The entire brew day was 1 hour 45 minutes, including set up and clean up so there is still room to shave that down a bit if/when this becomes a repeatable brew day.
The recipe looks like this:
6lbs Light Dry Malt Extract
1lbs Crystal 60
2.5oz Cascade 7.5% AA at 15 min
1oz Cascade 7.5%aa at 5 min
.50 oz Cascade 7.5% at flameout
1oz Cascade 7.5% dry hop 7 days
Yeast: Something clean. The OP used Notty but others have used US-05, WLP001, etc. Your call. I used US-05.
The poster of the recipe stated that he puts the grain in cold water and steeps them until the water hits 170, pulling them out at that point and adding the DME. I did a 'standard' steep at ~160 for 30 minutes with 1 gallon of water and just heated the rest of the water and DME in a separate pot before combining them.
I also halved this recipe to 2.5 gallons so I could see how it comes out before investing in 5G of it. Even if Cascades aren't my favorite hop I'll have a good idea of how this turns out.

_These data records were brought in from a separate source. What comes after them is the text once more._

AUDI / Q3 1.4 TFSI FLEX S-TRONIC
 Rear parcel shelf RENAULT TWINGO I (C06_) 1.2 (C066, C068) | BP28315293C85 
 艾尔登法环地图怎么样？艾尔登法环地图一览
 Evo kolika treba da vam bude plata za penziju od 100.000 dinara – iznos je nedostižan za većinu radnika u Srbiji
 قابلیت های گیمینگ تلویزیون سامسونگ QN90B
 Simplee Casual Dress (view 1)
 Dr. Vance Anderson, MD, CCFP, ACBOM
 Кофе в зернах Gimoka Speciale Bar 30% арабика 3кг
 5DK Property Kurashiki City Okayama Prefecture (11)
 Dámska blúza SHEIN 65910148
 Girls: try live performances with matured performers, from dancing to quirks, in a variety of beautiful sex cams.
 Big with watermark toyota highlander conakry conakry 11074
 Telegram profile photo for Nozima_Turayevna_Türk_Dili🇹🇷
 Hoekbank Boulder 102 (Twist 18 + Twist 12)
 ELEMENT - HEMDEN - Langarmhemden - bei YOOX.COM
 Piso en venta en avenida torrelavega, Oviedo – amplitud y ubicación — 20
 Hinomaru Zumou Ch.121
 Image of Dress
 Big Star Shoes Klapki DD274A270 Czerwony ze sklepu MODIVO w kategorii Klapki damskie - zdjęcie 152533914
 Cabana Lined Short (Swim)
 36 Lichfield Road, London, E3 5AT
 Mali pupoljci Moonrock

I've done hop bursts before but never without some type of bittering addition (FWH, standard 60 minute, etc.) so I'm curious to see how this comes out. It's described at hop-forward with a sweet malt backbone....but so is just about every beer I've read about on Beer Advocate

I had to adjust hop amounts as mine were 5.6% instead of 7.5% but that was easy. If this turns out to be a decent session pale ale it would make some brew days pretty quick when I can't go AG. The IBUs/AAUs will also allow me to tweak various hops that I like (Simcoe for Cascade, etc.) and end up with wildly different brews.
I'll keep everybody posted on this to see if it really turns out a good beer or not. My biggest concern is that it's going to be too sweet. But for a quick sub-two hour brew day I had to try.
In the 3G carboy now at 64 with rehydrated yeast. Fingers crossed.